Following on from the conversation in #261 this PR allows the user to configure the behavior of a given Transport, separate from the pre-existing TransportOptions interface which deals with passing request state (ie: host, url, callbacks, etc).

To facilitate this change, the transport option passed to the unary, invoke and client functions is now expected to meet the new grpc.TransportFactory interface, ie: a func which can accept zero or more args and will return a grpc.Transport instance.

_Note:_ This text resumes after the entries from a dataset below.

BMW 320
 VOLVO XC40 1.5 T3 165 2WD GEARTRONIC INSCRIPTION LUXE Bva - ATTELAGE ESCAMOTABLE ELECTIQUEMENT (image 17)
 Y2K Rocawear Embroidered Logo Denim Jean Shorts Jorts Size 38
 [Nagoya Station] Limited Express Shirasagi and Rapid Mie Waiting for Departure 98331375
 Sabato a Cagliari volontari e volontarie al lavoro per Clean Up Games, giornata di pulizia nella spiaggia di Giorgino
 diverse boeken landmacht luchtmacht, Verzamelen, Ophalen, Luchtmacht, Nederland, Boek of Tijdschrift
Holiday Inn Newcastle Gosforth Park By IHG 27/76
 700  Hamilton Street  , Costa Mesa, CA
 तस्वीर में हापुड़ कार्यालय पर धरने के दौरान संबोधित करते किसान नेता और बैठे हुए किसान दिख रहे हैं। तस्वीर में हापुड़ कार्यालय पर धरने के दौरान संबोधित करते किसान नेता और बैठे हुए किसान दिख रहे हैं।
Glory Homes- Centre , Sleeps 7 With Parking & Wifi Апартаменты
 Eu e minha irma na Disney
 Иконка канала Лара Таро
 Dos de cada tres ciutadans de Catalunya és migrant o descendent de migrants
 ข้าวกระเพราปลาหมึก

grpc.unary(BookService.GetBook, {
    request: getBookRequest,
    host: host,
    transport: grpc.HttpTransport({ credentials: 'include' }),
    onEnd: ( /*...*/ )
});

Note this results in a breaking change for anyone currently using the Websocket Transport; instead of specifying:

transport: gprc.WebsocketTransportFactory

They would instead now call:

transport: grpc.WebsocketTransport()

This change also spurred me to to fix #191 and #141 by extracting the 'Node HTTP' transport out from the gprc-web-client package and into a new module: grpc-web-node-http-client, which will be published to npm separately.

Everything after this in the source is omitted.